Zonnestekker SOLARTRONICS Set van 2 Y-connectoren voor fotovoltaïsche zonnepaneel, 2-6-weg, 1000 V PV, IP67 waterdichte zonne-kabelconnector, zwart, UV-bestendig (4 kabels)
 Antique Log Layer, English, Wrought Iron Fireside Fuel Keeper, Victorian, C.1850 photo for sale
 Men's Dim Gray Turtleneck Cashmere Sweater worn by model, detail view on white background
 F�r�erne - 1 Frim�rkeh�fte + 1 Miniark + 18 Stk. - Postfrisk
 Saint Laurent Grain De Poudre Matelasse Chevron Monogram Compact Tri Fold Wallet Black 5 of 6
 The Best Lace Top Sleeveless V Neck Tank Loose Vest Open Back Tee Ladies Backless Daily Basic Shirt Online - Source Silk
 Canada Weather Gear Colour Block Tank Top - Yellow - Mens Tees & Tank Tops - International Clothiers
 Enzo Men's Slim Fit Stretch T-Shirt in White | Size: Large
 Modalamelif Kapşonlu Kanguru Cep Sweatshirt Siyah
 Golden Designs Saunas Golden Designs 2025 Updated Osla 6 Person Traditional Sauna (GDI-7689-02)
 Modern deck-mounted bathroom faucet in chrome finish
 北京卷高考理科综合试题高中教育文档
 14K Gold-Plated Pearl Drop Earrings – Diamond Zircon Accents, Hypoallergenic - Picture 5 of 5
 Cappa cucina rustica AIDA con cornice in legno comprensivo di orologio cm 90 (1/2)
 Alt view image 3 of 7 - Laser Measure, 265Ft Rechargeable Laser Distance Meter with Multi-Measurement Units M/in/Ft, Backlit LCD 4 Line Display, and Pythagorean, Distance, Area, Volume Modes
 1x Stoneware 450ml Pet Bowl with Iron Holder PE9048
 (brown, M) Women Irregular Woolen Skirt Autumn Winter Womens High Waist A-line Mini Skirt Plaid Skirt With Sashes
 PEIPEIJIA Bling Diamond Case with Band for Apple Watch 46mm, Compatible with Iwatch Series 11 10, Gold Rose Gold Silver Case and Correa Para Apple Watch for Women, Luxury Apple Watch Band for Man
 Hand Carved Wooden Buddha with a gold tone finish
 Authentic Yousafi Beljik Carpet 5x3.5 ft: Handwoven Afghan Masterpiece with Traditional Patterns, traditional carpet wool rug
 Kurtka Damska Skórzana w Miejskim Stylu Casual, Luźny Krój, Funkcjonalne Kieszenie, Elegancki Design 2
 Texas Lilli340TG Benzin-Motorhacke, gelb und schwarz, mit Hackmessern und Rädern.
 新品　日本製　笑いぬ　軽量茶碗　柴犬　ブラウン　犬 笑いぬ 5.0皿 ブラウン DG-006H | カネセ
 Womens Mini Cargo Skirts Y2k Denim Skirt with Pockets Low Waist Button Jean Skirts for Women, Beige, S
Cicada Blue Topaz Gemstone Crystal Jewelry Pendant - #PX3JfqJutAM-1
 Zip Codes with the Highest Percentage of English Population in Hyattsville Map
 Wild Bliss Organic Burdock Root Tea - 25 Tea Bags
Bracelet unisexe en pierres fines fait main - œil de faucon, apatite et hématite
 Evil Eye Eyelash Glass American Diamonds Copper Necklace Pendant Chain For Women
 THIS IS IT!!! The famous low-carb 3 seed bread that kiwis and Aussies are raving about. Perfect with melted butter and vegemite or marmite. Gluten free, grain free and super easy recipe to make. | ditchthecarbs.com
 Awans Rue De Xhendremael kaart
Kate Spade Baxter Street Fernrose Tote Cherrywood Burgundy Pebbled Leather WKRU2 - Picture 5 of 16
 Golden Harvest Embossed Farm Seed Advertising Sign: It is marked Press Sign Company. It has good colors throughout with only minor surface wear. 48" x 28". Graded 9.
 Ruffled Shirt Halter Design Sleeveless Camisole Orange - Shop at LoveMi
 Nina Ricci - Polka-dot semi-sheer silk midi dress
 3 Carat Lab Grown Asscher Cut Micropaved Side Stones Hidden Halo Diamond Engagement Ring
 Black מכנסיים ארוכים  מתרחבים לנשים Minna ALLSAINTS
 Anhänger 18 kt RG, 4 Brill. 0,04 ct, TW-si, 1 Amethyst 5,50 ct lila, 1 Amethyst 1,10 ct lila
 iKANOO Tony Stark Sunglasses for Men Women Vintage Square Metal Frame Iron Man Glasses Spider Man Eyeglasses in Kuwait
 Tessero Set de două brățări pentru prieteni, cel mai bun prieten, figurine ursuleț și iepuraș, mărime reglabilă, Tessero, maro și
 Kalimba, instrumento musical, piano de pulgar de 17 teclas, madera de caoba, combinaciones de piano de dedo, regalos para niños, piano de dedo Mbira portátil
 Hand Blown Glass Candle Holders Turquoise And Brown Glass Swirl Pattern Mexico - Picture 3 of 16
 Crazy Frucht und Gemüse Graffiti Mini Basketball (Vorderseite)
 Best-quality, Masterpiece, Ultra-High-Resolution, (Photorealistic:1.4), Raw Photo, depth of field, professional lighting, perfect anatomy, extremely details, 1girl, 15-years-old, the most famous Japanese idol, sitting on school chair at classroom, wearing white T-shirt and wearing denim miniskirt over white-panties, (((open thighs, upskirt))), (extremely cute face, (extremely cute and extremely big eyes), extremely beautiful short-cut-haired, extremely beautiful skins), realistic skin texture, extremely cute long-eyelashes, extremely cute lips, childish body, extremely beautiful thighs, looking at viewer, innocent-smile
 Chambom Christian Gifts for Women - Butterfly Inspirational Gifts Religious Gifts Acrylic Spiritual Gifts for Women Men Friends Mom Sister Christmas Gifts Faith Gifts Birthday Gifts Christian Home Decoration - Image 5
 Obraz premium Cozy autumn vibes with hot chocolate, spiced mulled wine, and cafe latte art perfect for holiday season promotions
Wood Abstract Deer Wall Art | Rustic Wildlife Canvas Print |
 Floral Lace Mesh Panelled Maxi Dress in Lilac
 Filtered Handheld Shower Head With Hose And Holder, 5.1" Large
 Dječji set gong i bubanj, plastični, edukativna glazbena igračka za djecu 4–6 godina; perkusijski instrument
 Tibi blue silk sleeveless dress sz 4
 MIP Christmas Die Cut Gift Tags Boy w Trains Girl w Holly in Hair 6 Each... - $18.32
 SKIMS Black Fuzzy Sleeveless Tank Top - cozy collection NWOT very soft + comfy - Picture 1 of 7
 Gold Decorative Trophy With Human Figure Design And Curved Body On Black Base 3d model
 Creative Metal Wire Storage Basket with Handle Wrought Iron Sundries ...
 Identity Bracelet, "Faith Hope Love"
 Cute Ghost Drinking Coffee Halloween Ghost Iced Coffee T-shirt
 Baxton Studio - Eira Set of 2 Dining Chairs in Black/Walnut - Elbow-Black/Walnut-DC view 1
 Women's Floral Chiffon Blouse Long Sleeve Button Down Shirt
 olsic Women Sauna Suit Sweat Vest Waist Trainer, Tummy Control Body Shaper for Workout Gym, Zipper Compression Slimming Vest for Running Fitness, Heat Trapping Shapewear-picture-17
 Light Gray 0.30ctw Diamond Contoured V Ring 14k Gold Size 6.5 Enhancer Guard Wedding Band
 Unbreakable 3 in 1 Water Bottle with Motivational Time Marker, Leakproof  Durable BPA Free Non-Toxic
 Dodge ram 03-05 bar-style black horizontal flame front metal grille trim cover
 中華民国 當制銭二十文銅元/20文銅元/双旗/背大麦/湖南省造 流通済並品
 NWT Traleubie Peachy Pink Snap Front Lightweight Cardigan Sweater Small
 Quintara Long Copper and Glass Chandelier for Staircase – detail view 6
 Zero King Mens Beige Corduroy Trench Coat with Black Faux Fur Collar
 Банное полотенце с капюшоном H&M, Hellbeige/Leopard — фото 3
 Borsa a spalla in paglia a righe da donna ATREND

..........

**WORK TO BE COMPLETED**
Reproduce each line of the material that mentions "Gray".

**PROBLEM SOLUTION**
 Men's Dim Gray Turtleneck Cashmere Sweater worn by model, detail view on white background
 Light Gray 0.30ctw Diamond Contoured V Ring 14k Gold Size 6.5 Enhancer Guard Wedding Band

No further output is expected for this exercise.